>> Jaguar Land Rover estimates Brexit could cut its annual profits by £1.0 billion. Sources telling Reuters that the figure is in documents prepared by the car maker's chief economist. The fast growing firm may also be planning a big shift in strategy. Reuters UK correspondent Costas Pitas.>> They're also looking into the possibility of opening an office in Europe, potentially in Brussels, according to the two sources.
And also, a deal to take over Silverstone that they're working on and major expenditure on a plant in Slovakia, which they're already announced, are both on hold until the referendum outcome is known.>> JLR says it has looked into the costs of Brexit, but it won't confirm any figures, or take a side in the debate.
If it did suffer as a result of Brexit, that will be bad news for the entire UK car industry. JLR accounts for one in three of all vehicles made here and supports thousands of small suppliers.

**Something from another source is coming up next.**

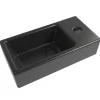 Swiss Aqua Technologies Brevis Lave-mains suspendu Noir mat avec trou pour robinetterie à droite, 40,5x20,5x10,5cm + Bonde* Lavabo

Other pillars of British industry are more open in their calculations.>> Rolls Royce, the aerospace group, not the car company, actually told their workers last week in a letter that potential future investments could be delayed or, maybe, not happen if there is a break, so other companies are clearly looking into these eventualities.
>> JLR has said that it will keep its headquarters in the UK, whatever happens, but Thursday's vote may decide just how many cars it makes in this country and how many British workers are needed to build them.